Hanya mencukupkan pada pendekatan hukum atau criminal justice system (sistem peradilan criminal) saja dinilai baru pada tingkatan dangkal dan tidak akan mampu menyelesaikan akar permasalahan konflik. Bahkan bukan tidak mungkin justru memperluas konflik yang sudah ada.
“Pendekatan ini bisa memicu konflik lanjutan yang meluas ke daerah lain. Undang-undang ini sudah dilengkapi Peraturan Pemerintah Nomor 2 Tahun 2015, ini lebih mampu menyelesaikan kerusuhan yang sudah memenuhi unsur sebagai konflik sosial,” kata Ketua PWM Sumatera Utara Abdul Hakim Siagian, Senin (1/8).
Dalam peraturan tersebut dinyatakan bahwa penanganan konflik harus mengedepankan pendekatan musyawarah, kemanusiaan, hak asasi manusia, kebangsaan, kebhinekatunggalikaan, keadilan, ketertiban, keberlanjutan dan kearifan lokal, serta tanggung jawab negara, partisipatif, tidak memihak dan tidak membeda-bedakan. Asas ini perlu ditegaskan untuk menjadi landasan dan acuan dalam mengambil keputusan.
“Kita tidak mau seperti menangani penyakit, yang diobati cuma yang nampak, penyakit dalamnya dibiarkan. Penyakit dalam di Tanjungbalai perlu diusut tuntas agar arif tawaran penyelesaian konfliknya. Jangan kita terjebak hanya di tingkat seremonial dan pencitraan saja,” ujarnya.

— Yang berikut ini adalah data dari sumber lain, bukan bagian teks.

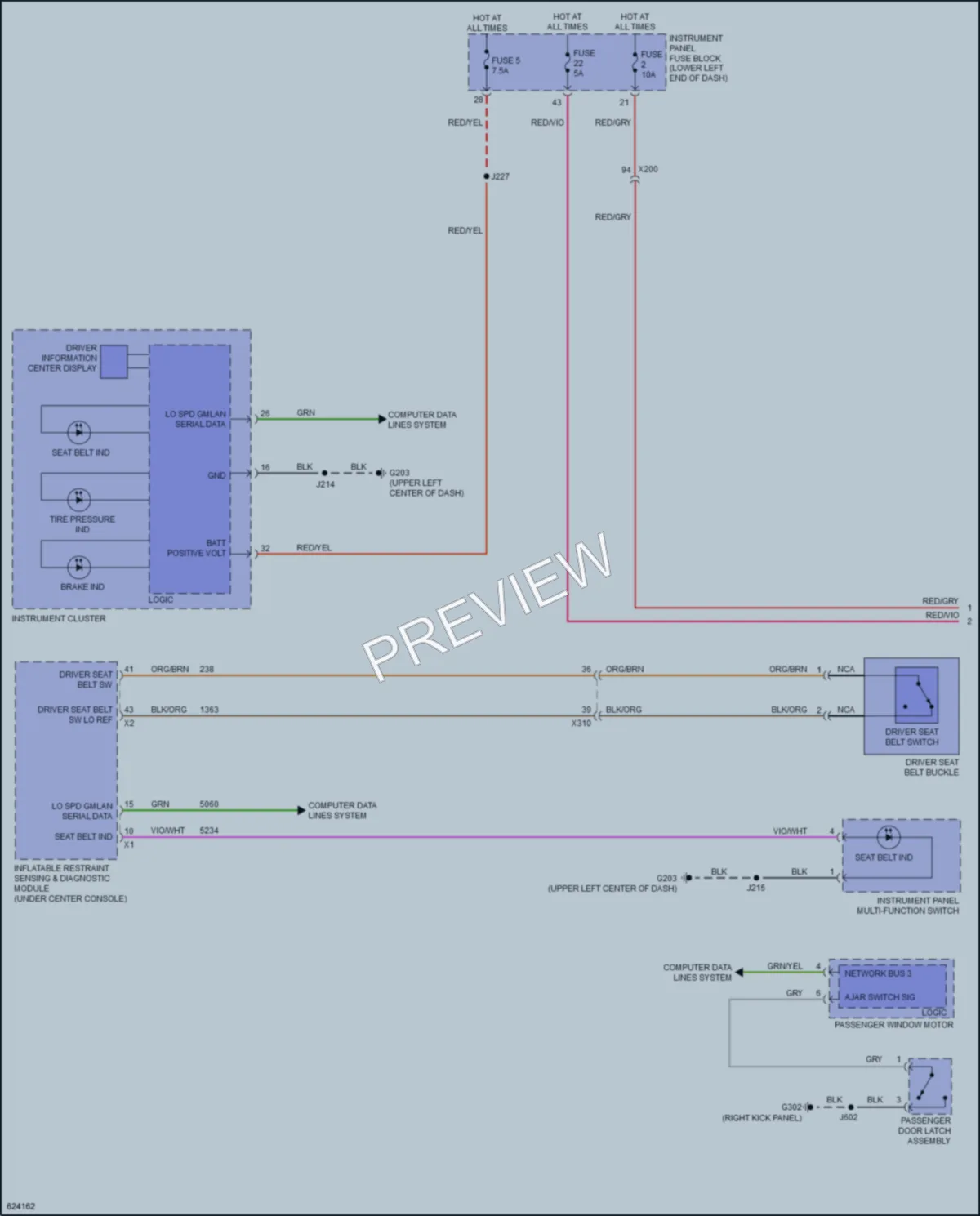 2019 Buick Cascada Warning Systems wiring diagram preview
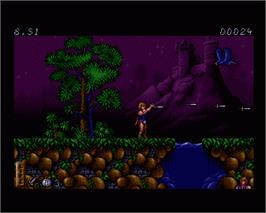 In game image of Ghost Battle on the Commodore Amiga.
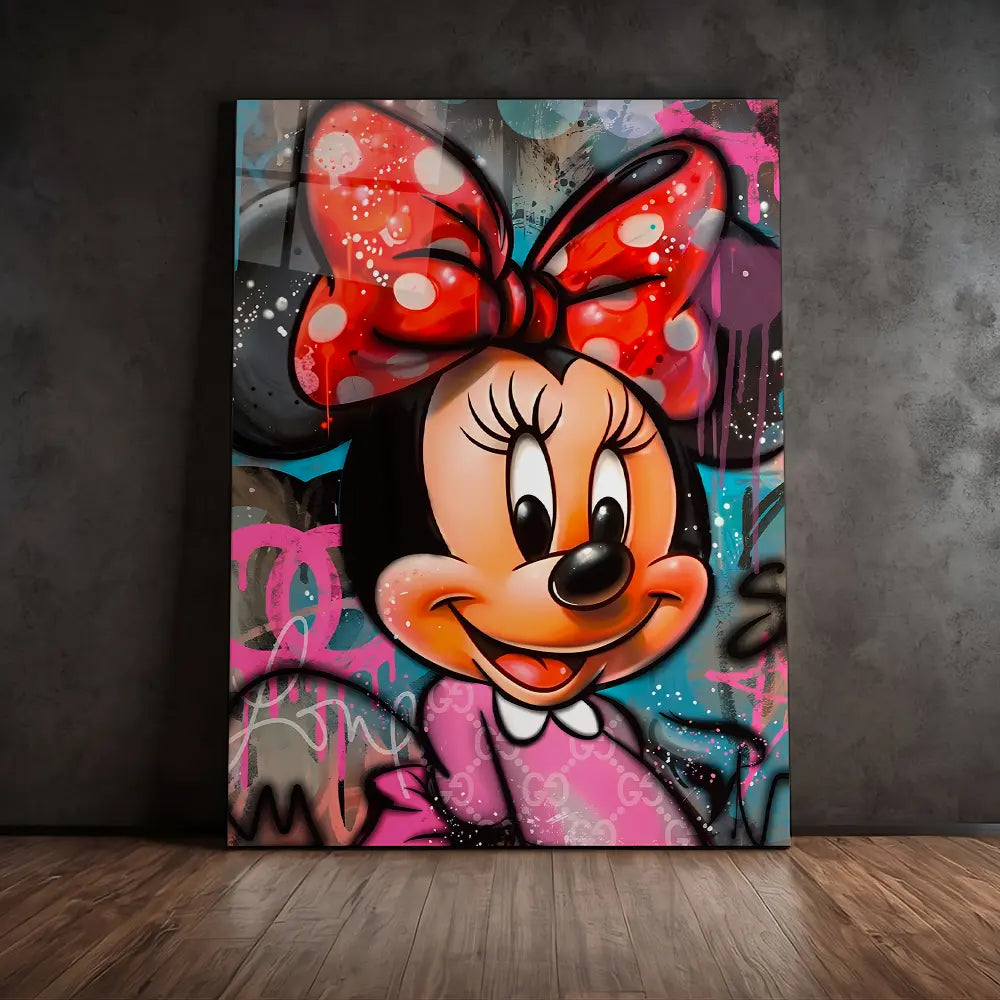 Minnie Mouse Graffiti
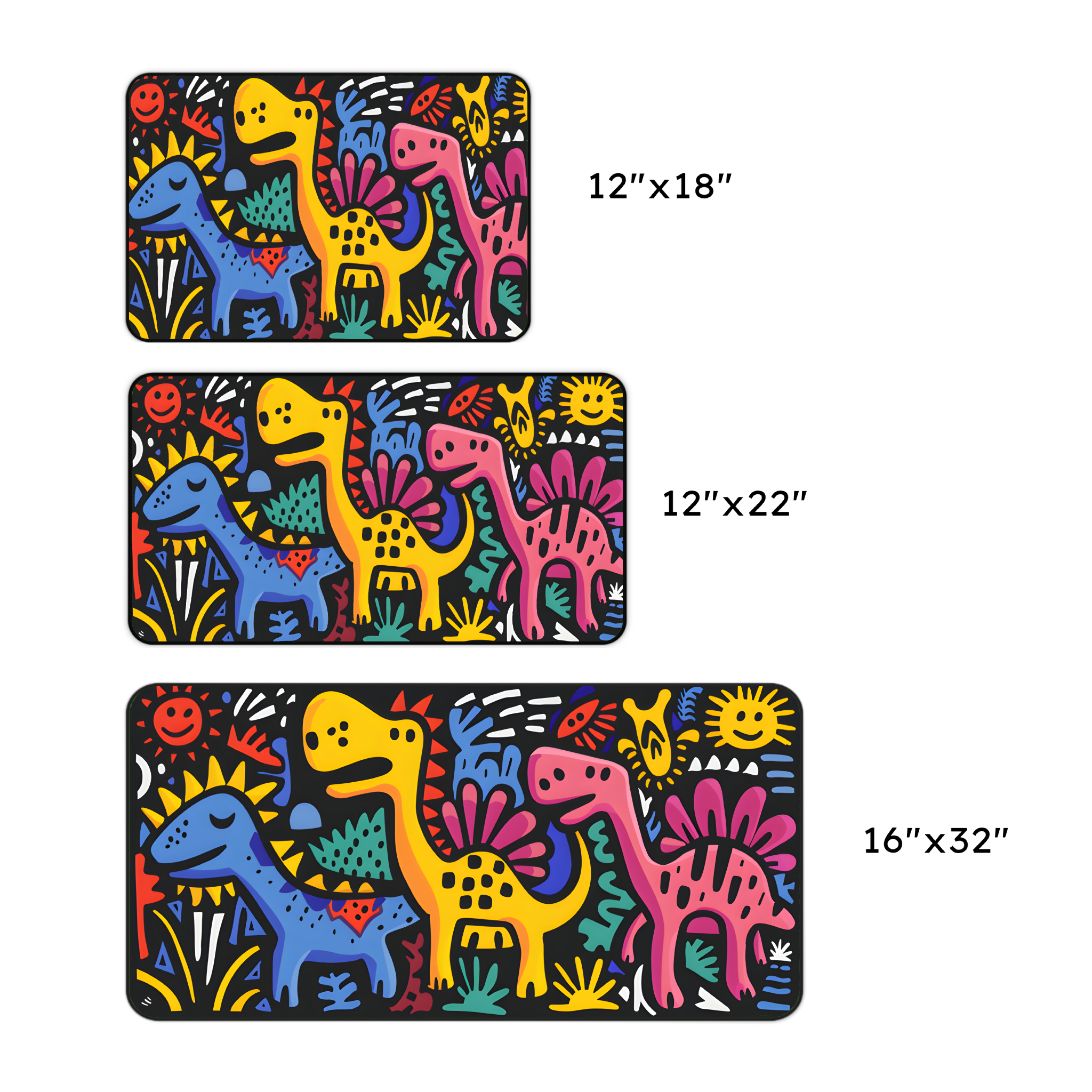 Playful Dino Desk Mat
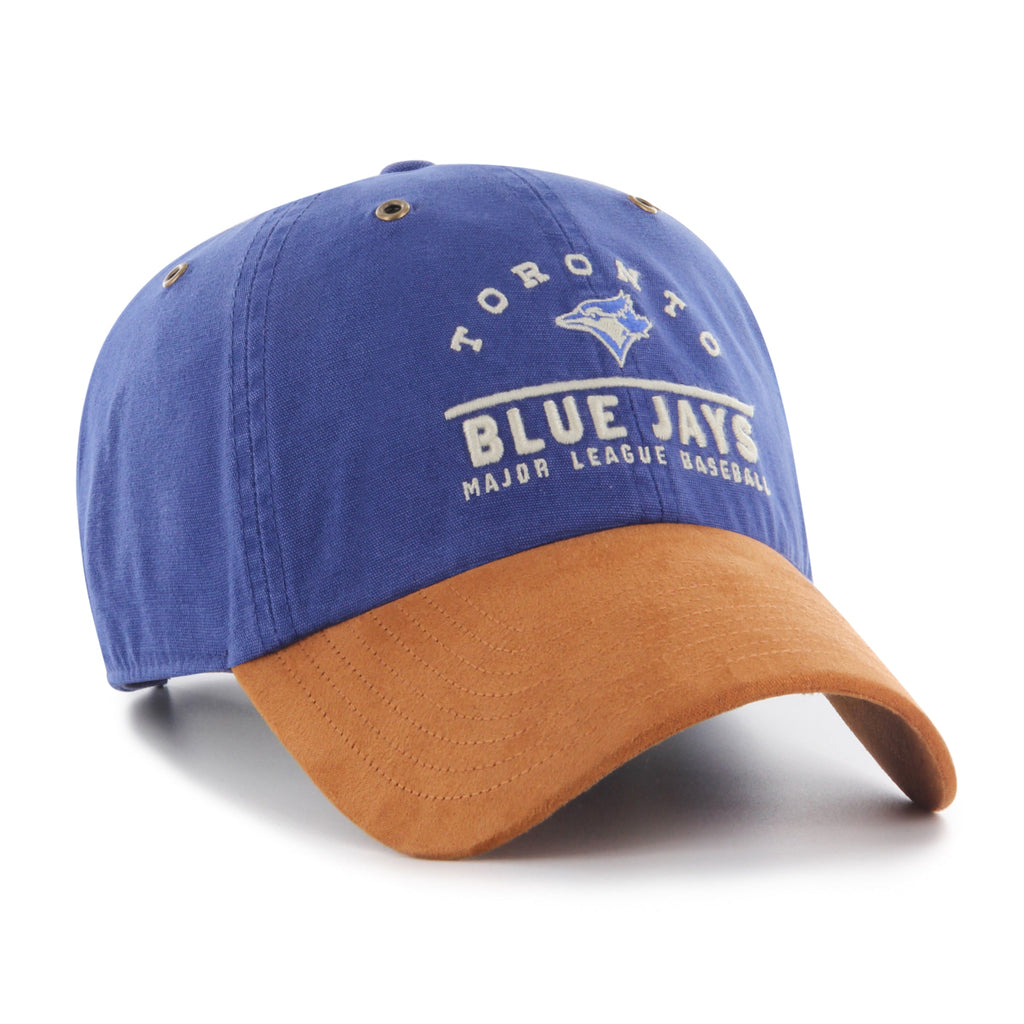 Toronto Blue Jays MLB 47 Brand Men Royal Windham Suede Clean Up Adjustable Hat product image 3, provided for visual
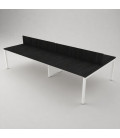 Mesa BENCH 4 PUESTOS SERIE 6000 CON SEPARADOR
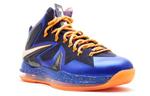 Кроссовки lebron 10 ps elite Nike, синий - фото 3
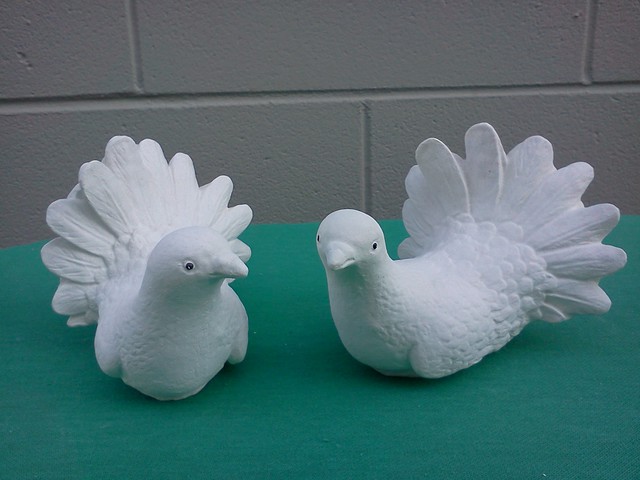 A pair of small doves $40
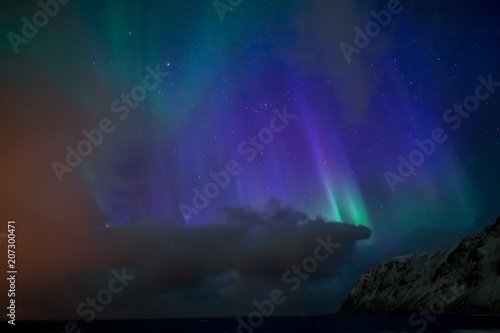 Fototapeta Naklejka Na Ścianę i Meble -  Aurora ылн in Skaftafell, iceland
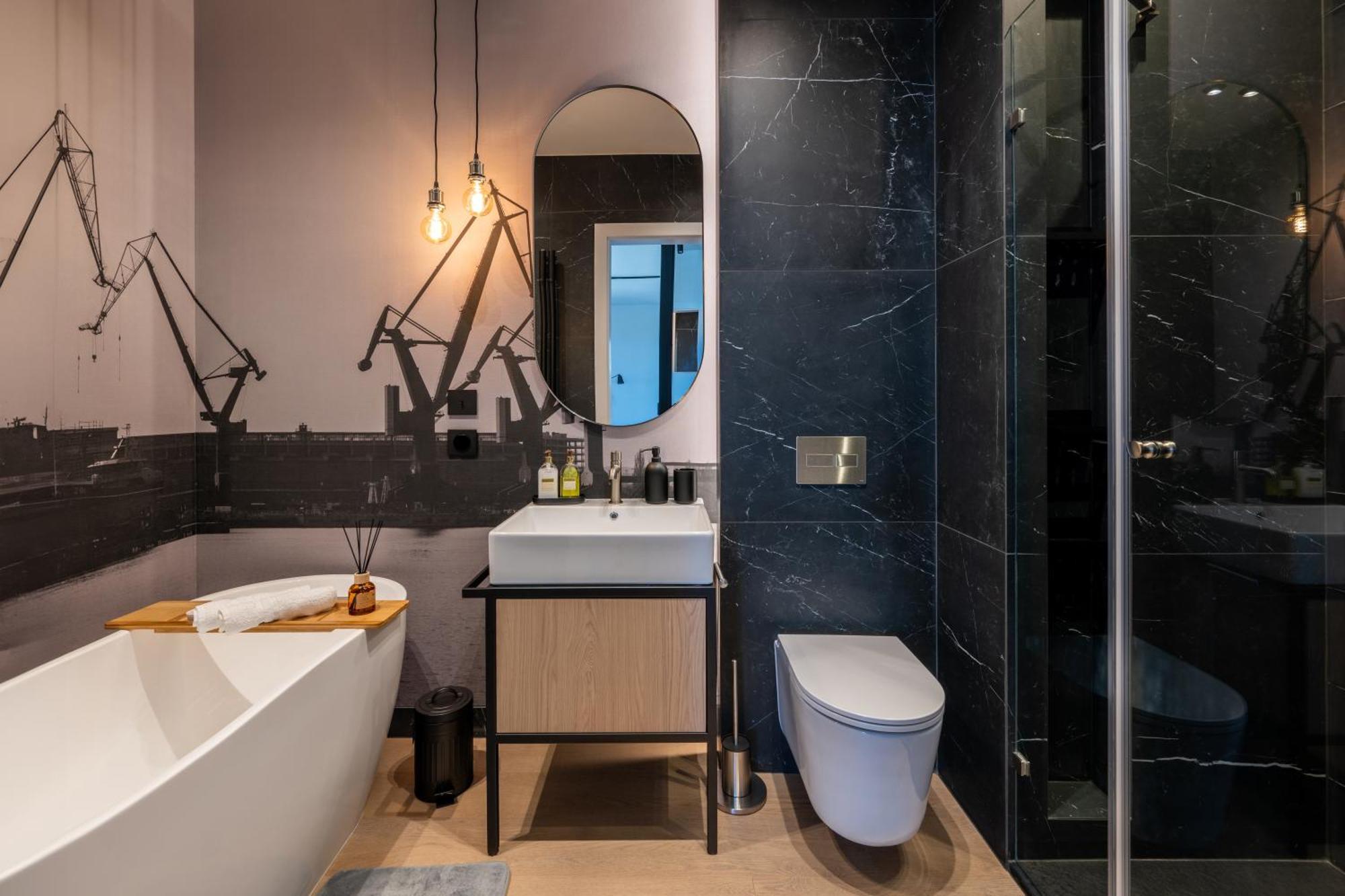 Apartment Brabank Riverside Stara Stocznia Premium Sauna & Gym Danzig Exterior foto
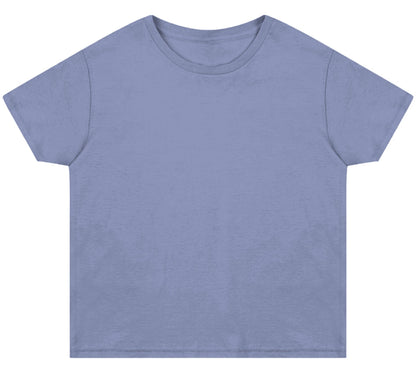 Women's High Waisted Tee - Plain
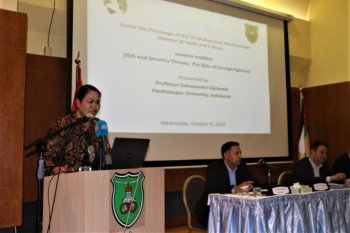 Pakar Asia Tenggara asal Indonesia memberi kuliah umum di Yordania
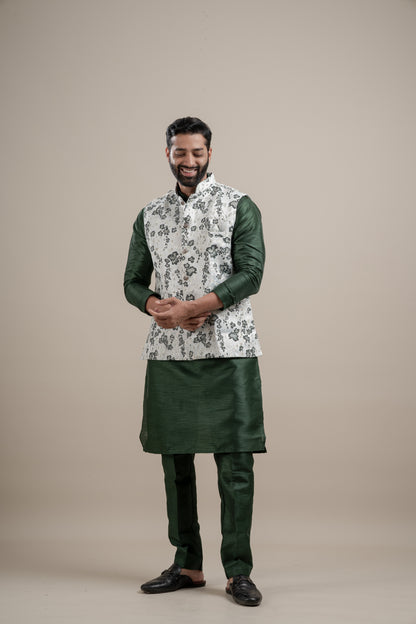 FLORAL COTI KURTA SET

PWM Sumatera Utara sudah menurunkan tim untuk melakukan evaluasi atas konflik, baik melalui publikasi media, testimoni para saksi serta hasil data yang dikumpulkan. Hasilnya, Muhammadiyah Sumut menyimpulkan apa yang terjadi Tanjungbalai sudah memenuhi unsur konflik sosial sehingga sebagai negara hukum, sudah seharusnya undang-undang khusus penanganan konflik dan peraturan pemerintahnya digunakan.
“Berdasarkan hasil survei dan penelitian kami, di beberapa daerah tinggal menunggu meledak saja. Apalagi perilaku penyelundupan yang masif itu, masuknya narkoba, peredaran bebas, jangankan orang dewasa, anak-anak suka hati membicarakannya. Jadi penanganan secara kriminal saja tidak akan cukup,” kata Abdul Hakim (Ribas).